Dr. Bjork recalls that having the opportunity to share this work with their children was important to both of his parents, and that HVO was the only organization that offered the chance. “HVO had a big impact on the community my father visited, but also on all three of his kids, and I think that’s pretty cool,” he said.
Dr. Bjork’s brothers Bryan and Jonathan have also chosen to follow health-related fields thanks to the influence of their father and their experience in Uganda. “Jonathan is now an internist in Marquette, MI just like our father,” said Dr. Bjork. “So there’s still a Dr. Bjork in Marquette. Bryan is a genetics professor in Illinois. On a later trip to Uganda, they worked with HVO to arrange for Bryan to give a research seminar to graduate students at Mulago Hospital and meet with faculty at Makerere University. He also had the opportunity to teach a class at a local high school while his wife Mindy taught at local schools, teaching alongside my mom on some days. Whatever it was that made me want to do public health all comes back to my father and what he taught us. It’s not random that all three of us are in health-related work.”

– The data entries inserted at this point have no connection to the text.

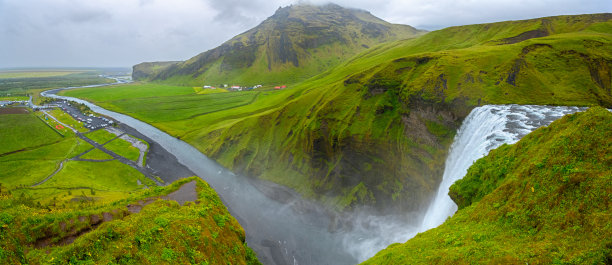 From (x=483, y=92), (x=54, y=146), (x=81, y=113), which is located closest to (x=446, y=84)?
(x=483, y=92)

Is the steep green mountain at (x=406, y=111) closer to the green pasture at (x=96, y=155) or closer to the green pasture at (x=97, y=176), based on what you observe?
the green pasture at (x=97, y=176)

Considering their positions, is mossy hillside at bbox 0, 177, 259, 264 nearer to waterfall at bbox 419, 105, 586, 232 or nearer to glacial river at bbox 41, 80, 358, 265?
glacial river at bbox 41, 80, 358, 265

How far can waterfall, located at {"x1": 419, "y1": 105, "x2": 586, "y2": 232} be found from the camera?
35.7 m

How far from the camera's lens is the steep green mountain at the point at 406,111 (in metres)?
52.9

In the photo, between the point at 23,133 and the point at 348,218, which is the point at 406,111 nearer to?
the point at 348,218

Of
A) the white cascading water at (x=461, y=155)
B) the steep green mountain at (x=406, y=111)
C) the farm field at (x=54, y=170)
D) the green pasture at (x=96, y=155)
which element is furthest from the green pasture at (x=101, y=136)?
the white cascading water at (x=461, y=155)

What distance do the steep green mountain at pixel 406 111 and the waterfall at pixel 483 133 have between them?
3.67 metres

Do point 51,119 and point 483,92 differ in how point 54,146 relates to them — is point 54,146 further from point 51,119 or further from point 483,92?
point 483,92

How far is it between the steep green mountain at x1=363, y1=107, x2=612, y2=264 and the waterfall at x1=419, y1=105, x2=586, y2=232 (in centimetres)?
1479

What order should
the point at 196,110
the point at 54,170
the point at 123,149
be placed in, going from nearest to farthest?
1. the point at 54,170
2. the point at 123,149
3. the point at 196,110

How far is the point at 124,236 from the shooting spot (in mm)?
19812

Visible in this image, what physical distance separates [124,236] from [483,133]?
160ft

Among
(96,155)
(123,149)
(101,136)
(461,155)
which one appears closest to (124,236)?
(461,155)

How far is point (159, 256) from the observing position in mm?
19984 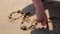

Dr. Cary Bjork is missed by the HVO community, but his legacy is vast and long-lasting. Today, that legacy lives on not only in the impact he had on countless providers he trained and their patients, but in the paths his children have chosen and the values they carry forward. Through HVO, Dr. Cary Bjork helped build something enduring. His story is also a powerful reminder that when volunteers are able, bringing family members along can deepen the impact in unexpected ways, sparking curiosity, shaping careers, and instilling a lifelong commitment to service. One trip can change many lives.